What is that odorous smell I detect?

Regards, Mike


----------



## swmnhay (Jun 13, 2008)

I figured this would happen when JBS bought out Swift. JBS is a Brazilian Co.

Ship the lean cull cow meat from Brazil and mix it with the fatter trim from corn feed beef in the U.S. To give it some flavor and sell it to the fast food industry.


----------



## Vol (Jul 5, 2009)

I now remember reading that about JBS not very long ago Cy.....no doubt about the connection.

Regards, Mike


----------



## swmnhay (Jun 13, 2008)

Vol said:


> I now remember reading that about JBS not very long ago Cy.....no doubt about the connection.
> 
> Regards, Mike


It's close to home for me JBS in Worthington is 8 miles away.It's a pork plant killing 18,000 a day.JBS bought out Swift in 2007 ??


----------



## Vol (Jul 5, 2009)

swmnhay said:


> It's close to home for me JBS in Worthington is 8 miles away.It's a pork plant killing 18,000 a day.JBS bought out Swift in 2007 ??

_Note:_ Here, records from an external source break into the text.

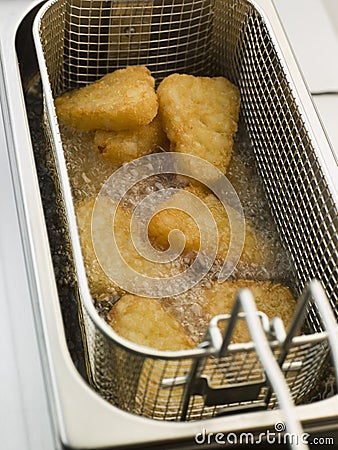 Hash Browns being Deep Fried in Corn Oil Stock Photo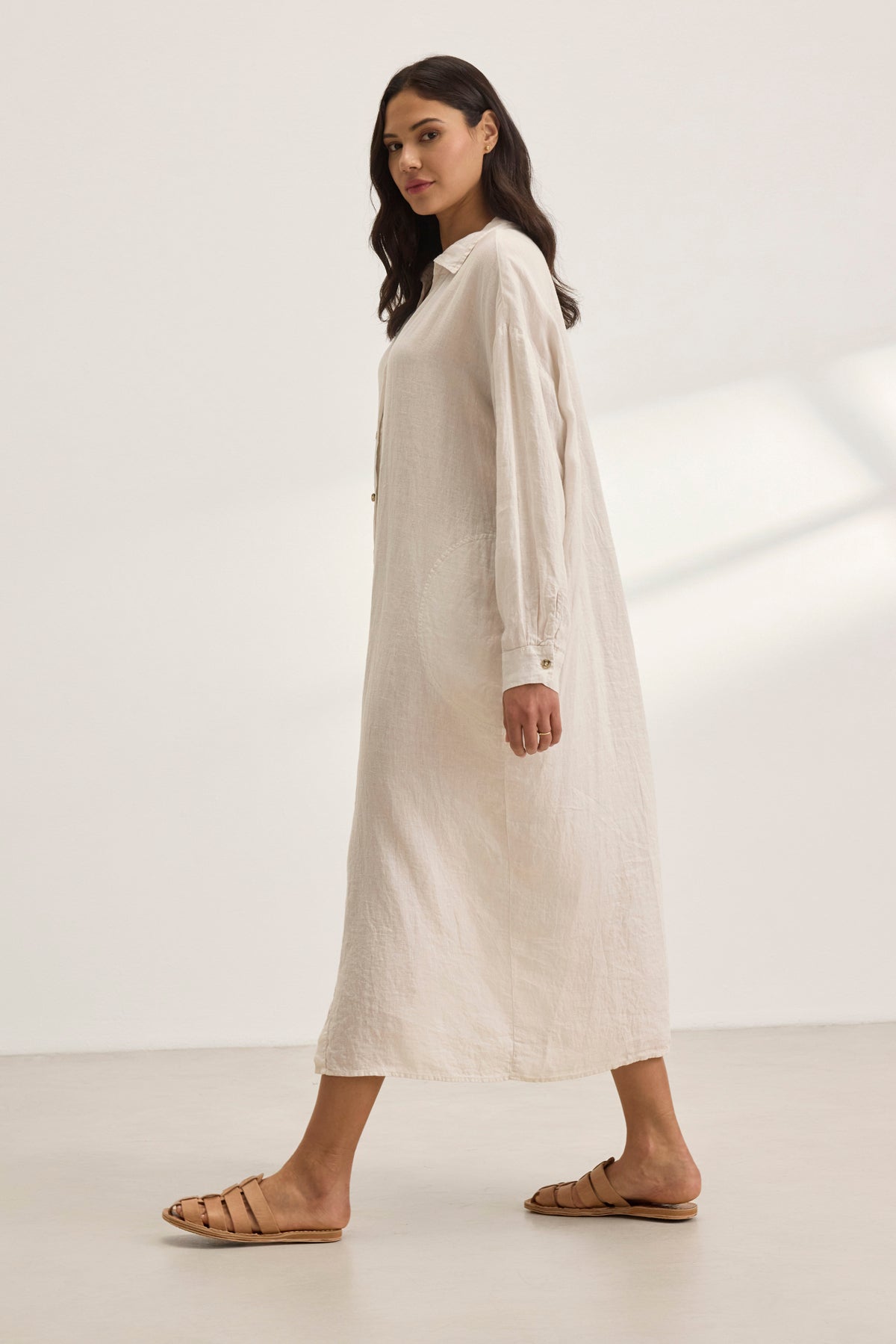   A woman in a NICOLE LINEN DRESS by Velvet by Graham & Spencer strides forward against a plain background, embodying breathable comfort with every step, paired with sandals. 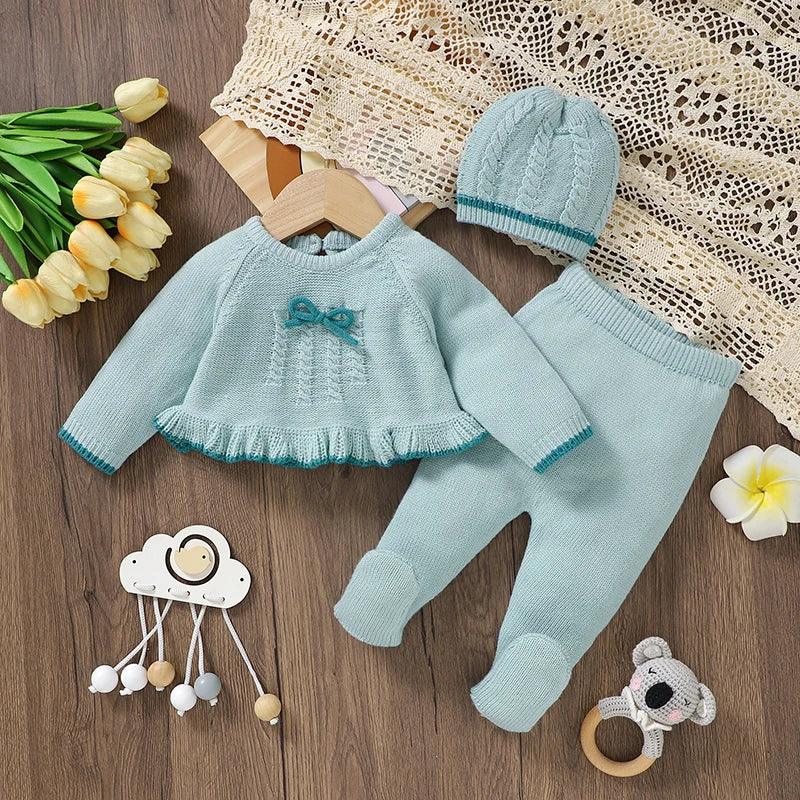 Light blue knitted baby outfit set for infants with bow detail and matching hat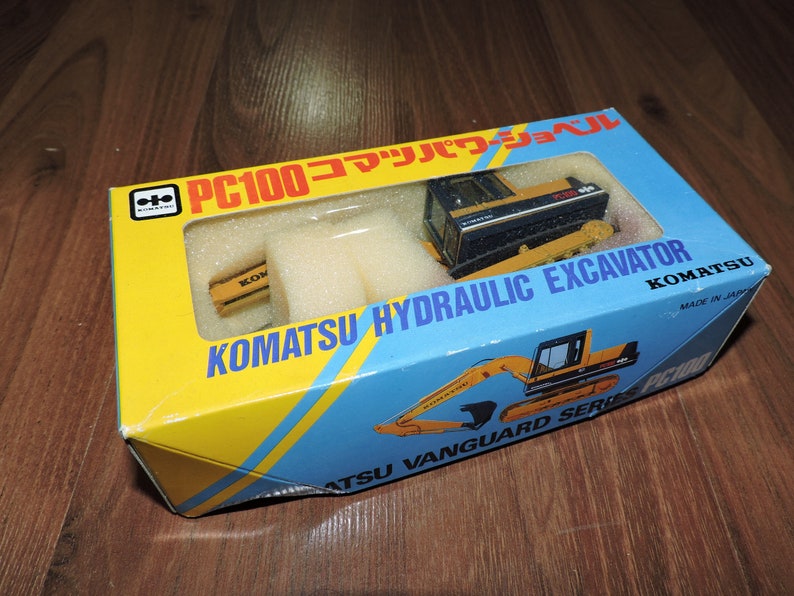 May include: A yellow and black toy Komatsu PC100 hydraulic excavator in a yellow and blue box with the text "PC100 コマツパワーショベル KOMATSU HYDRAULIC EXCAVATOR KOMATSU MADE IN JAPAN ATSU VANGUARD SERIES"
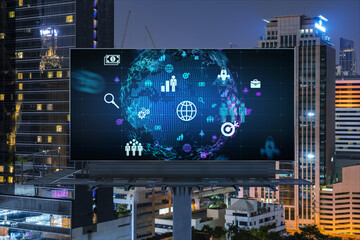 World planet Earth map hologram and social media icons on billboard over night panoramic city view of Bangkok, Southeast Asia. Networking and establishing new connections between people. Globe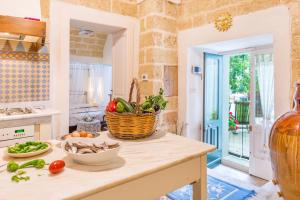 a kitchen with a counter with a basket of vegetables on it at Palazzo Tre Cardi in Salve +51 photos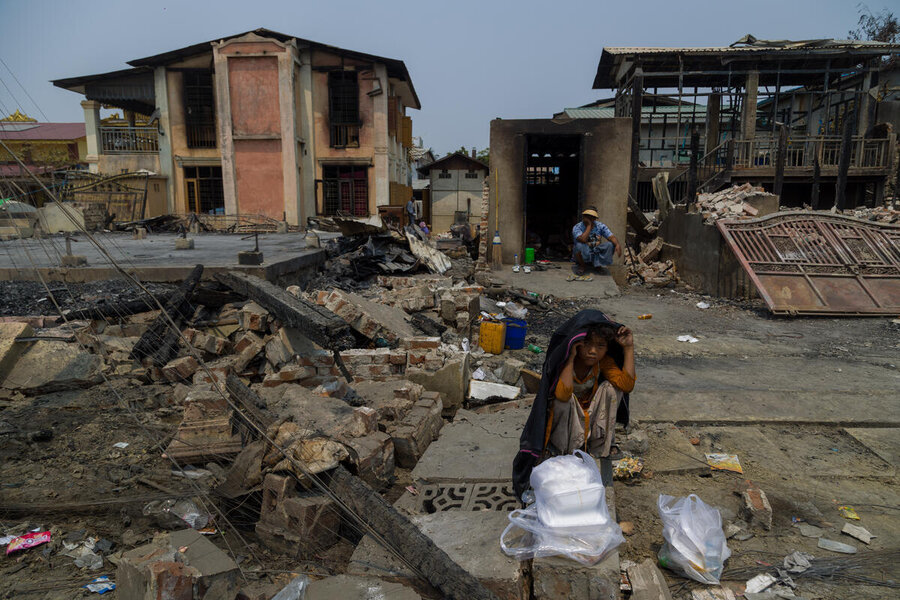 A boy covers his head with a jacket in an earthquake-struck area, apparently fearing aftershocks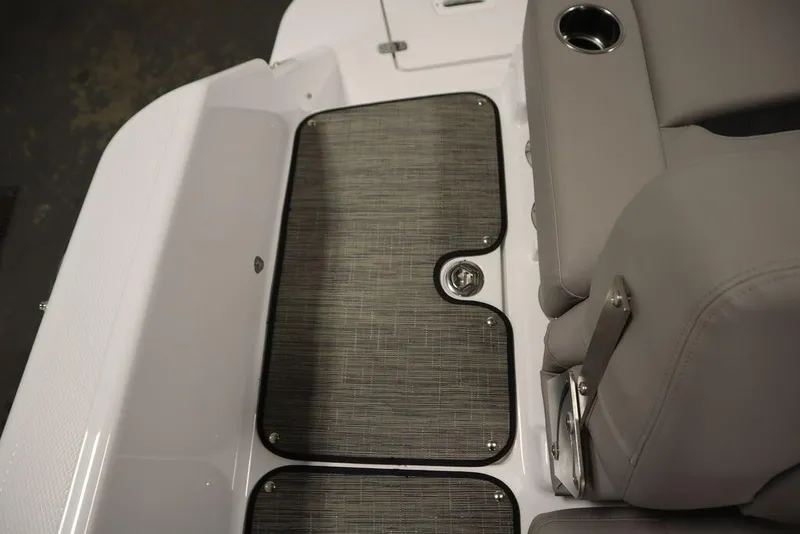 Slide: The Image of 2025 Four Winns HD3 boat interior with gray seating and textured flooring. - 39
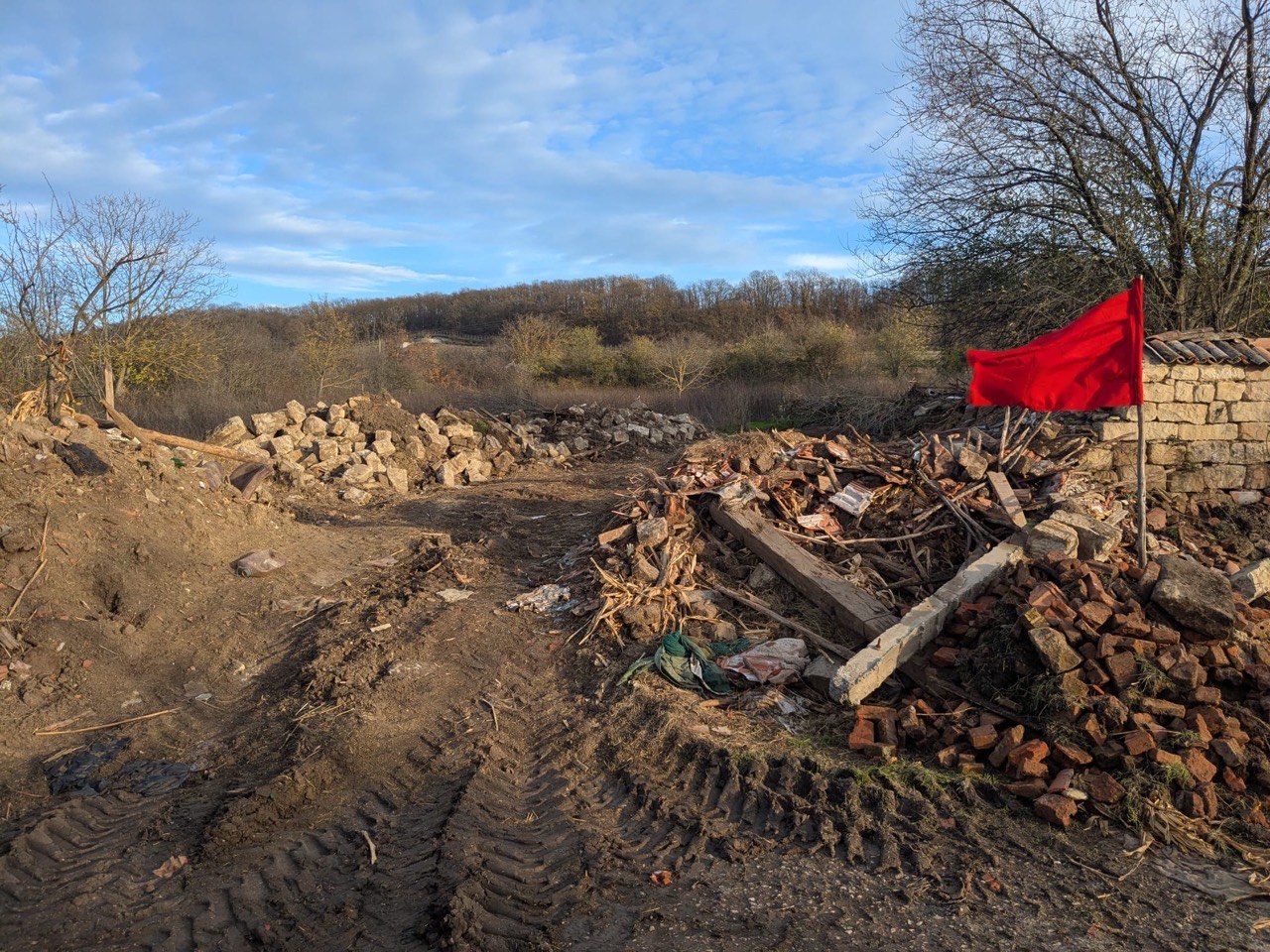 Cleared access path with demolition debris piles at the Kiten KOIVU site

2007?? ....good grief what am I thinking I read....hmmm, I will see if I can find what I recently read about JBS.

Regards, Mike


----------



## Supa Dexta (May 28, 2014)

JBS took over tyson in 2014.

They are the worlds biggest meat producer, of beef and chicken.


----------



## Tim/South (Dec 12, 2011)

Supa Dexta said:


> JBS took over tyson in 2014.
> 
> They are the worlds biggest meat producer, of beef and chicken.


I knew Tyson sold their Mexican chicken dealings to Pilgrim's Pride, which is under the JBS umbrella. JBS became the worlds largest meat company when they acquired Swift in 2007. I did not know they had acquired more of the Tyson empire.


----------